Al celebrar a los santos, nosotros confesamos y celebramos la santidad de Dios que se revela en los suyos. Confesamos y celebramos a las mujeres y los hombres que, como Jesús no han tenido miedo, ni asco ni vergüenza de mancharse con el dolor y la miseria de la humanidad, sino que, manchándose de ellos, se han sumergido en la sangre del Cordero, se han sumergido en la misericordia desbordada del corazón abierto del Señor crucificado, y ahí han blanqueado sus túnicas. Confesamos y celebramos la santidad de Dios comunicada y celebrada en los hombres y mujeres que se han atrevido a vivir como Jesús. 

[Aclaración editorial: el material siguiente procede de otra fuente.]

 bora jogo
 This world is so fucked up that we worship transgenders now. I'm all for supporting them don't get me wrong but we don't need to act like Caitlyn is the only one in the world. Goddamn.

Hace algunos años, con pocos días de diferencia, murieron la Madre Teresa de Calculta y la Princesa Diana de Gales. Lady Di, como era conocida, vivía una vida de cuento de hadas. Joven y bella, se casa con el Príncipe heredero al trono inglés, deja de ser mujer del pueblo para ser de la realiza. Aparece en las portadas de revistas, madre de príncipes, bonita, rica y carismática, sin embargo, vive  la separación de su esposo, de sus hijos, inicia relación con otro hombre, relación que no pudo disfrutar cabalmente porque la prensa la asedia y la persigue por todos lados; en una de tales persecuciones el auto en que viaja con su pareja choca y ambos mueren. El mundo se sorprende, llora, y dice: ¡pobre!, ¡tan joven, tan bonita, tan rica, tan trágica su vida y su muerte! Días antes murió Teresa de Calcuta. Renunció a su congregación dedicada a la educación de niñas ricas para irse a uno de los países más pobres del mundo, la India; ahí se fue a una de las ciudades más pobres, Calcuta; en Calcuta anduvo en los barrios marginales, en las calles más pobres buscando entre los pobres a los enfermos, y entre los enfermos a los leprosos y entre éstos a los agonizantes. No sólo sus manos, también su mirada y su corazón se mancharon de la pobreza y del dolor de la humanidad. Cuando murió, la gente dijo: es una santa. 


Sumergiéndose misericordiosamente en el dolor y en la pobreza de sus la humanidad sufriente de Calcuta, la Madre Teresa blanqueó su sencillo sari en la Sangre del Cordero y a ella, y a los que han sido como ella, los confesamos de pie revestidos de gloria y dignidad ante el Trono del Señor. No sé de alguien que quiera ser como la Princesa Diana. Pero hay muchos hombres y mujeres que siguen el ejemplo de la Madre Teresa de Calcuta, hombres y mujeres que quieren ser santos; hombres y mujeres que viven como Jesús, y en quienes confesamos revelada, triunfante, la misericordiosa santidad de Dios, a quien sea dada la gloria y el honor por los siglos de los siglos.